If you are a follower of my blog, you probably have read my post on Epigenetics and how they can play a role in your health and healing journey. When I first started diving into the role of Epigenetics, it was important to me to read about it from someone who was an expert. In his book, It Didn’t Start With You: How Inherited Family Trauma Shapes Who We Are and How To End The Cycle, Mark Wolynn digs super deep into Epigenetics and how we can use the study of our family to help break generational curses that are prevalent in our own lives.
The beginning of the book starts off very strong with scientific explanations on what Epigenetics are and why they are important. He follows into family trauma, core language, and what we can do to improve our view and how we hold and ultimately release our family trauma.

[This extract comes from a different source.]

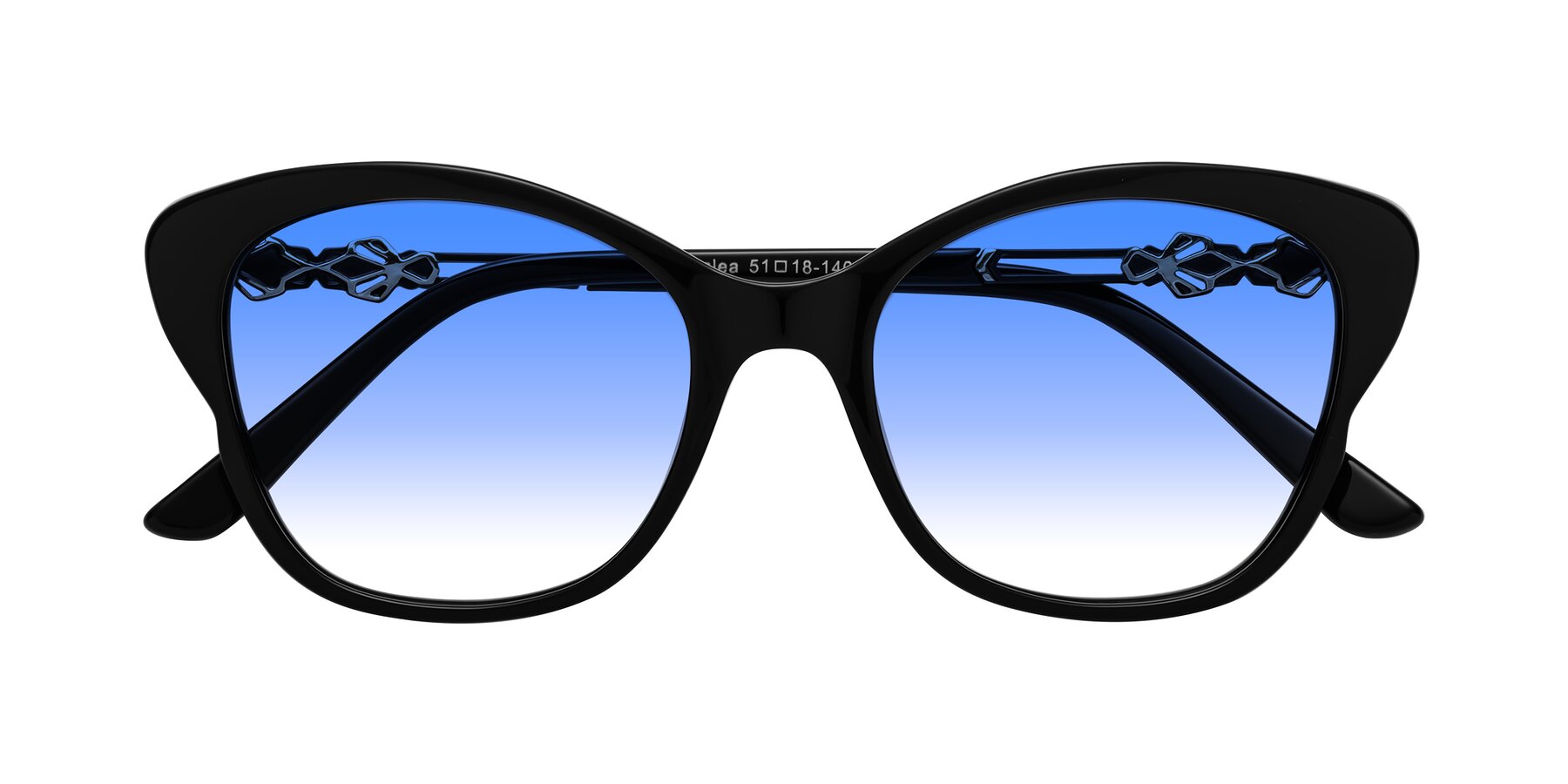 Folded Front of Azalea in Black with Blue Gradient Lenses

The book is chalk full of plenty of stopping points with short exercises that help the reader to make connections while they digest the information.

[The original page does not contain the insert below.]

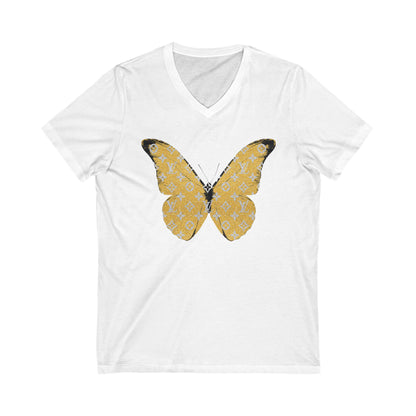 Designer Yellow Butterfly V-Neck Tee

While many who have reviewed this book feel that is is inappropriate to call up the past and make forced reconnections with your parents, I did not gather that from this book at all. Often, people have very strained relationships with their parents, for reasons known or unknown to them. This book helps the reader look back into their childhood at how they were or were not treated by their parents in effort to make connections to how those events helped to shape who they are today. From what I can remember, I do not believe that the author ever says to try to go back to your parents regardless of your feelings.

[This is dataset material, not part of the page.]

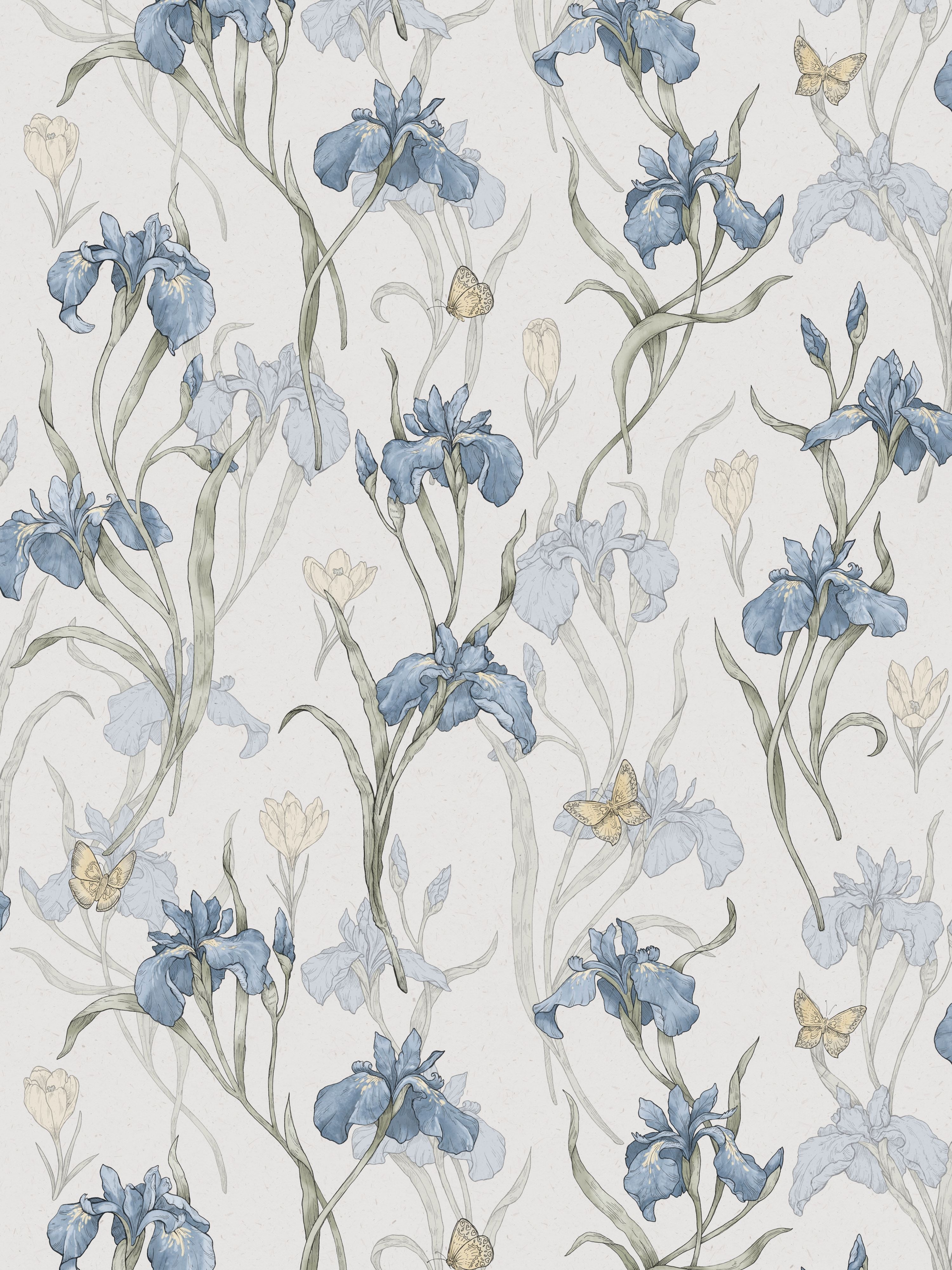 Iris wallpaper in sky blue color - pattern number WSB 003401013 - by Scalamandre in the  collection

Digging into family trauma is a very complicated process and can be super painful due to years of hidden and/or buried memories. However, Wolynn implies that by doing the hard work, the reader will ultimately be able to find freedom and healing from sorting out the ghosts of the past.
An argument can be made that sometimes it is best to just let sleeping dogs lie. I beg to differ, however. I think that by confronting hard to digest situations from our families history, healing and ultimately joy can be found moving forward. I am not saying that it is easy or that the process is joyful – it is actually quite hard and sometimes devastating to deal with. It is SO worth it, though.
If I had to rate this book on a scale of 1-10, I would give it a solid 9.5 because of the impact it made in my life and how easy it was to read. With my background in psychology, I always read books hyper critically, and this book passed my radar with flying colors. If you are on your healing journey and looking for the next step – this book might be for you!